Allow multiple outputs for `guvectorize` on CUDA target #8303

s-m-e · 2022-08-01T11:00:03Z

Feature request

The following works just fine for targets cpu and parallel ...

from numba import guvectorize
import numpy as np

@guvectorize(
   'void(f8[:],f8[:],f8[:],f8[:],f8[:],f8[:])',
    '(n),(n),(n)->(n),(n),(n)',
    target = 'cpu',
    nopython = True,
)
def foo(a, b, c, x, y, z):
    for idx in range(a.shape[0]):
        x[idx], y[idx], z[idx] = a[idx] * b[idx], b[idx] * c[idx], c[idx] * a[idx]

LEN = 100_000_000

data = np.arange(0, 3 * LEN, dtype = 'f8').reshape(3, LEN)
res = np.zeros_like(data)

foo(data[0], data[1], data[2], res[0], res[1], res[2])  # providing views on `res`

print(res)

... but fails to compile with AssertionError: only support 1 output for target cuda. It would be really useful if this would also work for CUDA.

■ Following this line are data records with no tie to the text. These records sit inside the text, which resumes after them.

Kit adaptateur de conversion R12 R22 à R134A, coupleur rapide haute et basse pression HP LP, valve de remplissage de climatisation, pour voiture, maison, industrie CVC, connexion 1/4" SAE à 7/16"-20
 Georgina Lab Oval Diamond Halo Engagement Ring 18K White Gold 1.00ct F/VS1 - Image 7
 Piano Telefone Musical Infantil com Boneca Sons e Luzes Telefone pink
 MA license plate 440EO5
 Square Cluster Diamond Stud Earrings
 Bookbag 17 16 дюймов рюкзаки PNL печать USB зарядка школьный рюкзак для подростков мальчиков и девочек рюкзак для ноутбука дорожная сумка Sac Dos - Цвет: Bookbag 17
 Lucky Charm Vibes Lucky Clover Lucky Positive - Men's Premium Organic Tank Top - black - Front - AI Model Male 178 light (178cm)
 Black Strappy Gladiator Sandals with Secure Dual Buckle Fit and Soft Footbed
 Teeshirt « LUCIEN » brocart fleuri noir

In the meantime, the current behavior is, as far as I can tell, not documented.

For a longer discussion, context and examples, see here.

The text was updated successfully, but these errors were encountered:

guilhermeleobas · 2022-08-01T13:46:29Z

Hi @s-m-e, thanks for the report. I'll put this up for discussion at the next triage meeting.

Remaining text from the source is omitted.